Female Leadership Points the Way
Aio Wireless Bridging the Digital Divide
By Alfred James Special to The Atlanta Voice | 2/28/2014, 10:10 a.m.
From black inventors like Elijah McCoy, whose invention enabled trains to roll along America’s rail lines without having to stop for engine oiling, to Lewis Lattimer who worked in the laboratories of both Thomas Edison and Alexander Graham Bell, African Americans have been on the cutting edge of scientific technological advances throughout human history. From Dr. Patricia Bath, who invented a method of eye surgery that has helped many a blind person see to, Otis Boykin, who invented the electronic control devices for guided missiles, IBM computers and heart pacemakers, the prospect of a digital divide separating the races, as if it were akin to ethnic health disparities, would seem somehow impossible to comprehend.
Three prominent African American women, who work for Aio Wireless, a dynamic new way to do wireless, are at the forefront of making sure Aio’s customers are always within reach of technological advances in the rapidly changing world of wireless communications. Alpharetta-based Director of Digital Experience Teresa Ward-Maupin, Charis Simms, Director of Devices and Accessories, and Cara Fields, Regional Market Director for North Texas take Aio’s commitment to providing service to the African American community as but another example of the brand’s commitment to provide all of its customers with outstanding and affordable access to a reliable 4G LTE network.
Not only are Fields, Simms and Ward-Maupin in highly visible positions, each is responsible in some way for making sure the Aio Wireless brand is available not only to the African American community, but also to anyone interested in no annual contracts, trade up opportunities, high speed accessories, affordable rates plans, easy activation and a reliable network.
One thing that stands out about all three women is their belief that technology, if used with the proper tools, coupled with great service and a public education component, can help consumers manage their health, their finances and bring balance to a life of work and leisure.
They believe as does Aio Wireless, that invention alone lacks vision, but as black inventors, the likes of George Washington Carver proved, lives and livelihoods can and should benefit.
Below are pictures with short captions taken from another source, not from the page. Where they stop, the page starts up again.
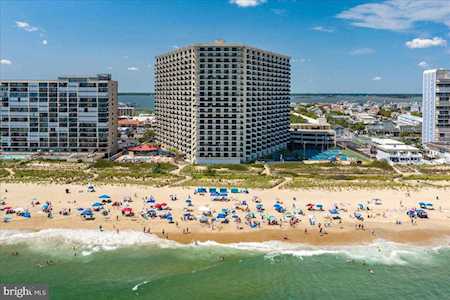 11500 Coastal Hwy #1315 Ocean City, MD 21842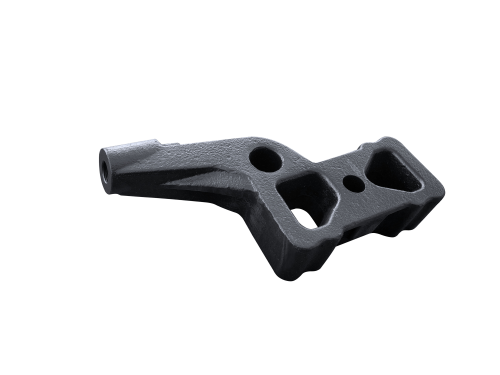 2 NCİ AMORTİSÖR TABLASI SAĞ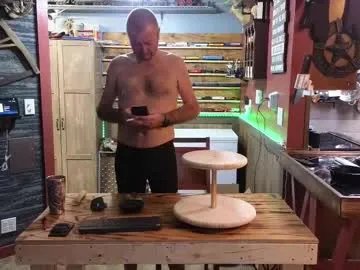 omfgy from Chaturbate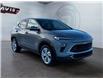 2025 Buick Encore GX Preferred (Stk: 380383) in Claresholm - Image 7 of 15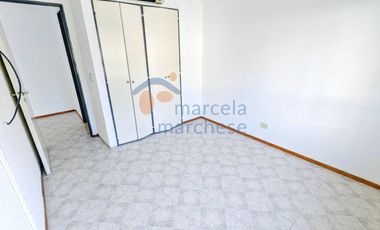 Departamento 2 Amb C/ Balcón
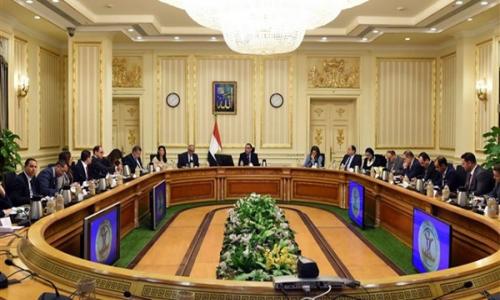 متحدث الحكومة يزف بشرى سارة للموظفين بشأن عودتهم للعمل متحدث الحكومة يزف بشرى سارة للموظفين بشأن عودتهم للعمل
They call it “Aio-fied.” It’s a holistic approach reflected in how each has achieved Director’s level on Aio Wireless’ management team. They are engaged in and with the communities each serves and they are making sure the brand is also. From participating in Black Family Expos in Atlanta to recognizing the accomplishments and contributions of African Americans in Los Angeles, Aio Wireless is making a concerted effort to make sure the so called digital divide becomes mere myth.
Aio Wireless, a relative newcomer to the wireless marketplace is gearing up to serve notice on the industry that community engagement is part of their business model. Celebrating Black History Month in retail stores as well as partnering with community groups and supporting likeminded local organizations is and will become standard operating procedure as the brand continues to offer exceptional products and services for use by a savvy and technologically aware consumer.
The fact that many areas of the brand are staffed by knowledgeable African Americans is also just business as usual. From scholarships in its “30 Days, 30 Dreams” program that took place in Atlanta and Dallas, to hosting teen rap sessions in store locations, the goal is simple; Reach customers where they are with products and services that will positively impact them and their families. This will be done as Aio Wireless expands into new markets in Indiana and Michigan. Aio believes serving their communities is just as as important as serving their customers. Aio Wireless calls it an attitude of gratitude.